Verboten in the post-Prozac Nation zeitgeist, Body Dysmorphia was an exquisite torment off-limits to men. To suggest that experience as my own, even as a tenuous first step towards getting help, was to threaten the female monopoly on body shame. I could only offer myself up to a storm of invective from campus feminists. In a support group for eating-disorders I was suspect, meeting little more than scowls, accused of reactionary subversion and handed a face full of verbal buckshot from the pear-shaped blunderbuss of professional grievance.

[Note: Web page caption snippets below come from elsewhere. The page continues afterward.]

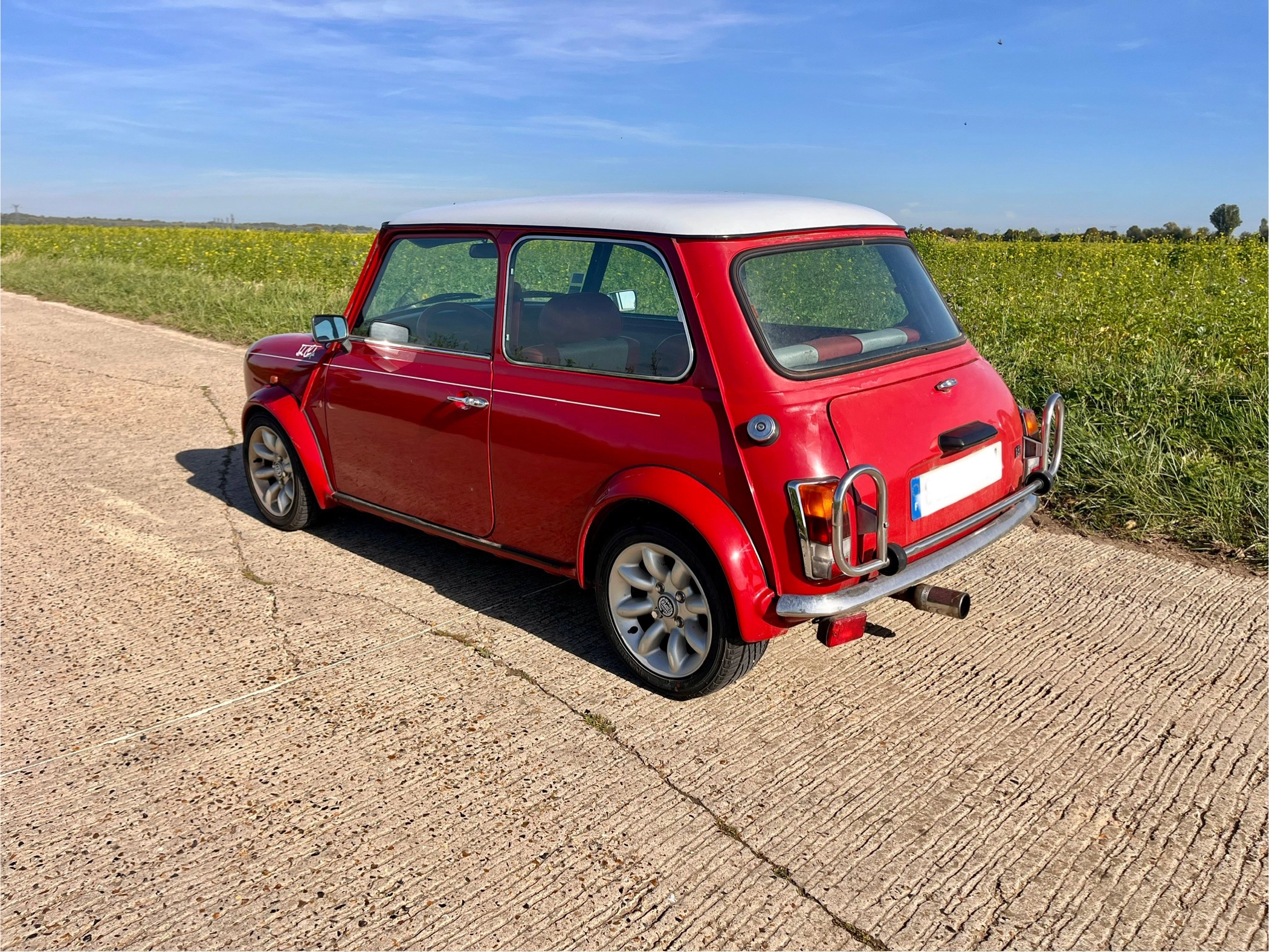MINI Monte Carlo  1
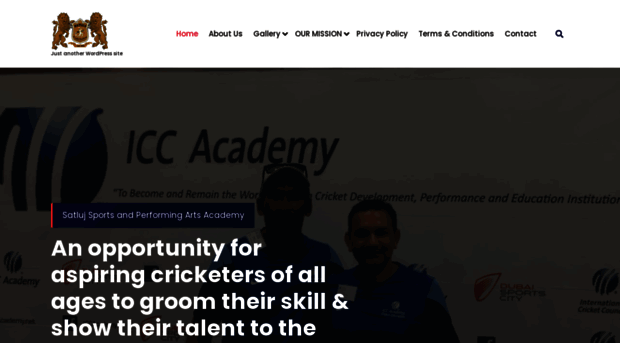 satlujcricketacademy.in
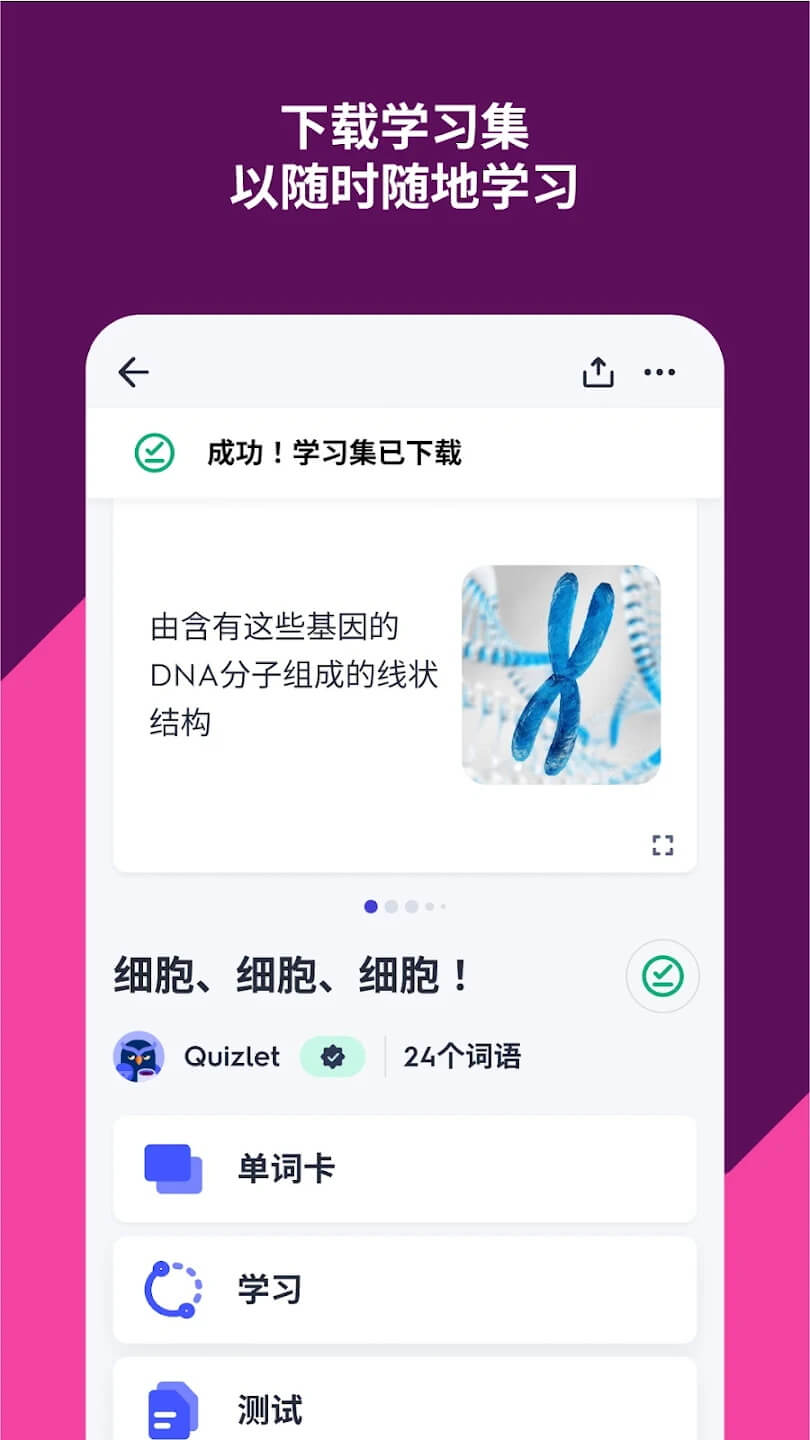 Quizlet最新版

I was always a quick study. Best to keep quiet. So, keep quiet I did. Until now at 37, I look at myself in the mirror, missing the toned, lean physique I had before my diagnosis–the deadly underlying reasons be damned--at a loss for words. I don't look bad. I'm just not quite myself, not yet. By the time I started FOL-FOX, I had lost 99lbs—some of that muscle mass. The clichéd platitudes of “just love yourself, no matter what” feel hollow. I must be useful, capable, not a burden, able to handle myself in a crisis despite my condition. In any state of Darwinian selection that is the masculine role and burden. I solemnly accept it. How to realize it? Treatment purgatory limits my options for exercise. I want to be lifting weights, but that's off limits on doctor's orders. I have two active dogs, so I walk. I attack hills twice a day, my feet numb from neuropathy, pushing through the post FOL-FOX shortness of breath (managed by nebulizer). Yoga helps, but I'm still waiting for my mind to be blown. I'm not yet on good terms with my body. I still feel like it betrayed me. The body snatchers didn’t invade, they were already here. Epigenetic Quislings, awaiting their moment. Carcinoma is DNA mutation; evokes mutiny. Treating cancer is setting fire to the hull so the mutineers have nothing to sail, hoping the swabs will surrender before the whole ship goes up in flames.